Folha de S. Paulo


O inferno veio para ficar

As portas do inferno parecem abertas de par em par. Não, não estou falando do Brasil ou só do Brasil. Estou falando do mundo.

Não por mero acaso que a onda de calor que calcinou em agosto a Itália e os Bálcãs tenha recebido o apelido eloquente de Lúcifer.

Que ninguém se faça de distraído e diga que não é culpa da mudança climática. Pode até não ser culpa direta, mas é a causa subjacente de fenômenos extremos como, por exemplo, a tempestade Harvey, que fez estragos consideráveis nos Estados Unidos e manchetes ao redor do mundo.

A explicação didática está na revista "The Economist", em texto que dá origem à capa desta semana:

"Mares mais quentes evaporam mais rapidamente e ar mais quente pode conter mais vapor d'água, que libera energia quando se condensa dentro de um sistema climático, alimentando a violência de tempestades e a intensidade dos dilúvios".

Continua: "A subida do nível do mar exacerba a irrupção de tempestades, contribuindo para as inundações. O Harvey foi inusualmente devastador porque ele repentinamente ganhou força antes de tocar terra na sexta-feira (25 de agosto); depois, permaneceu ativo, despejando sua chuva sobre Houston".

Em resumo, é "consistente com modelos de um mundo mais quente".

Tão mais quente que o calor infernal do verão no Hemisfério Norte levou dez países a decretarem alerta vermelho pelas altas temperaturas. "El País" lembra que em Córdoba, na Andaluzia, sempre faz muito calor no verão. Mas, este ano, houve cinco ondas de calor, caracterizadas por mais de três dias seguidos com temperaturas superiores aos 41,7 graus.

Comparação: até agora, só em quatro anos se haviam produzido duas ondas de calor no mesmo verão.
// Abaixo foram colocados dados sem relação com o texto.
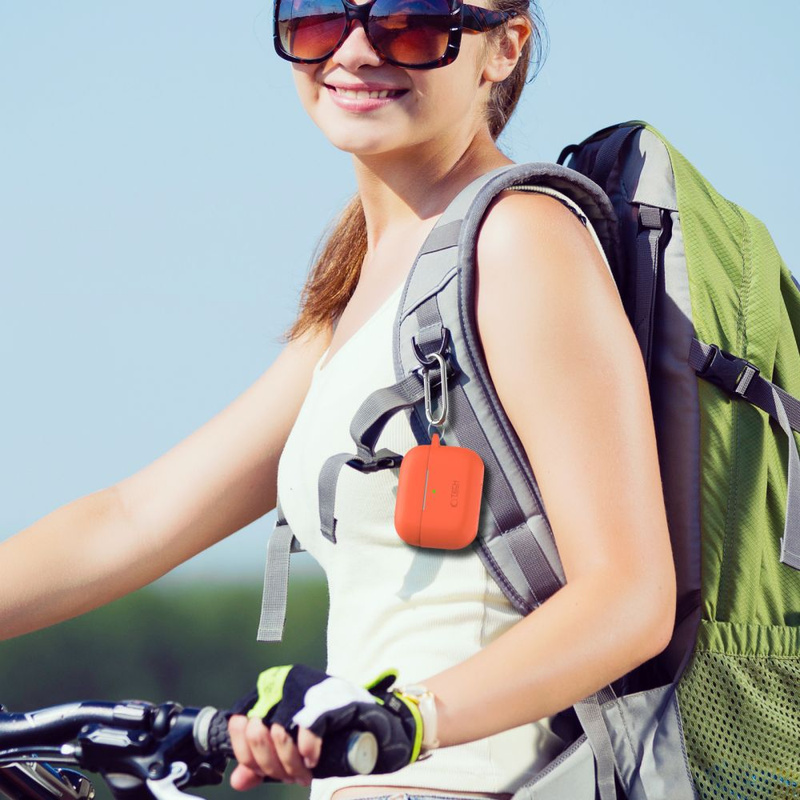 Etui Tech-Protect Silicone Hook na Apple AirPods Pro 1 / 2 - pomarańczowe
Quando em um único ano, há cinco ondas, negar a mudança climática é negar as evidências.

Fosse só na Espanha, poderia passar por alguma maldição específica, mas em um distrito de Mumbai (Índia) caiu em dado dia de agosto a metade das precipitações habituais para todo o mês de agosto, segundo os dados históricos entre 1951 e 2000.

Para o conjunto do planeta, a resseguradora Munich Re calculou que o número de tempestades e inundações aumentou de cerca de 200 em 1980 para 600 em 2016, informa a "Economist".
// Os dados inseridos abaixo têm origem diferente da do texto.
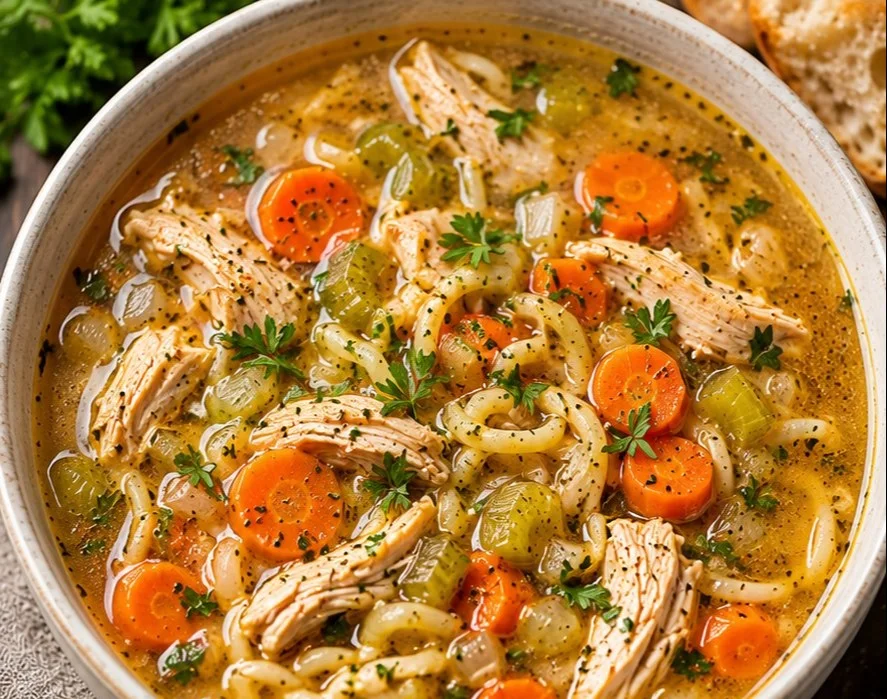 Bowl of homemade rotisserie chicken soup with vegetables and herbs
O pior é que o inferno veio para ficar, conforme depõe, para o "New York Times", Noah Diffenbaugh, professor de sistemas climáticos da Stanford: "Investigações recentes sugerem que os fenômenos climáticos que rompem nossos esquemas históricos serão mais frequentes".
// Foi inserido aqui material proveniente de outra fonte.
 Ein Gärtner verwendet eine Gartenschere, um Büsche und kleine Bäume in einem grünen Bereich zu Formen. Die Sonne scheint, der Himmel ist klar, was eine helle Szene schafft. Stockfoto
Fecha Diffenbaugh: "Meus colegas e eu estabelecemos recentemente que a mudança climática aumentou as possibilidades de que se produzam ondas de calor que batam recordes em 80% do planeta e que em 50% da Terra se produzam acontecimentos extremos de precipitações ou de seca.

E o tal de Trump ainda retirou os Estados Unidos do acordo de Paris sobre o clima, que pode não ser a estaca de madeira para matar Lúcifer, mas é o melhor instrumento até agora desenhado para eventualmente contê-lo.